The next step was to build support for a healthy built environment and spur community action. We needed to get voters to read the candidates responses on the website, and hopefully vote for a candidate that supports walkability in our community.
Walkability… what is it?
It was important to the Committee to explain to the public and candidates that walkability means more than sidewalks, and has more than just health benefits. To do this we framed walkability in a way that resonated with residents. The Committee emphasized that a walk-friendly community means building a safer, more equitable, prosperous and sustainable community for everyone.
To spread these messages, we used social media - predominantly Facebook. We designed a series of paid Facebook posts that were shared for one month leading up to the election. Each post described a benefit of walkability and also had a link to the candidate survey results. At the end of the election, all but one of the elected council members had responded to the survey. All of the responses received from the current council indicated support for walkability.
Community input is key!
After the election, the Committee didn’t want City Council to forget about walkability and the commitments they had agreed to. Through a survey on Facebook, we asked the community to tell us about areas in the city where they encounter barriers or challenges to walking, biking, or taking transit. From the survey we were able to identify particularly challenging areas that members of our community navigate on an everyday basis. The intent was to take City Council to the areas that the community identified, explain the difficulties that people experience get around, and make the case for improving walkable infrastructure.
A plan was made to host an event for new councillors in early 2015, where we would take them on a tour of Thunder Bay using only active transportation. It was very important to the Walkability Committee to let the public know about the event, and that it was based on actual community input. All of the advertisements we had for the event indicated that the tour was based directly on what we heard from the community.

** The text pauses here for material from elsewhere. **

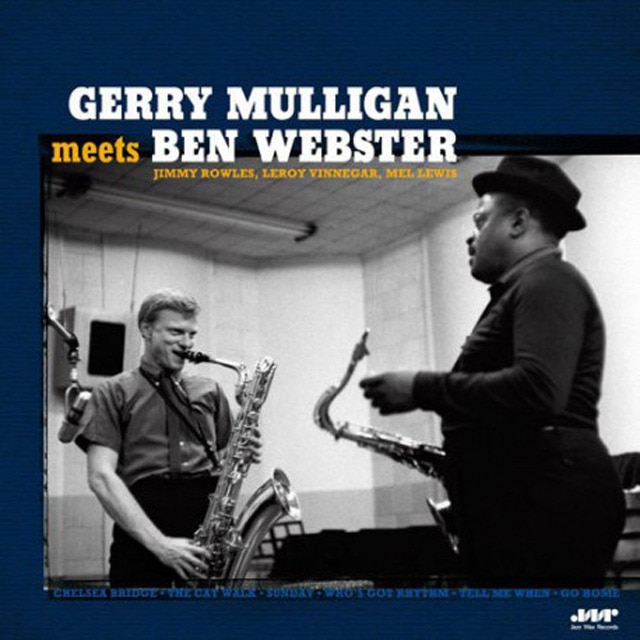 Imagen 0 de Meets Ben Webster (LP-Vinilo)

Next Steps: Active Tour and Workshop
In March 2015 six city councillors, representatives from the Walkability Committee, and several community experts took to the streets on an active tour of Thunder Bay. This was the first component of a two-part event we called “Next Steps”. Landscape architect and urban designer Paul Young (Public Space Workshop) led the group from one side of the town to the other, highlighting the impact of walkable infrastructure on safety, accessibility, and food access. Representatives from the Accessibility Advisory Committee and staff from City Engineering department also shared their perspectives.
Participants experienced the struggles of trekking through the snow with a stroller and groceries, and learned about the everyday challenges of walking through town with a disability. The tour aimed to develop a common understanding of the walkability issues in Thunder Bay, and what to consider when new construction or reconstruction projects come up.
"Getting out and discussing intersections in minus 15 degree weather, with cold wind blowing, snow on the ground, and patches of ice and slush, was great for revealing the reality of pedestrians. It helped our Council better understand how hard the design of infrastructure can make it for people, especially those with mobility issues or families."
-Adam Krupper, Mobility Coordinator, City of Thunder Bay (participant in active tour)
Later in the evening, Young delivered a keynote talk to members of the community, highlighting safety, health, improved quality of life, and building up our local economy.Community members were encouraged to think of ways to engage their neighbours, as well as engage their councillors on walkability matters within their wards.
Overall the events were very successful, and several councillors indicated that they found the tour a valuable and eye-opening experience. Barriers still exist in the community when it comes to gathering support for walkable infrastructure. Thunder Bay has a predominant “car-culture”. With many residents living rurally or semi-rurally, travel by single-occupancy vehicles is very common. However, progress is still being made and we feel that many of the councillors understand the importance of walkability. The Committee will continue to advocate for a healthier built environment, and is currently involved in identifying potential pedestrian crossover locations for installation in 2017.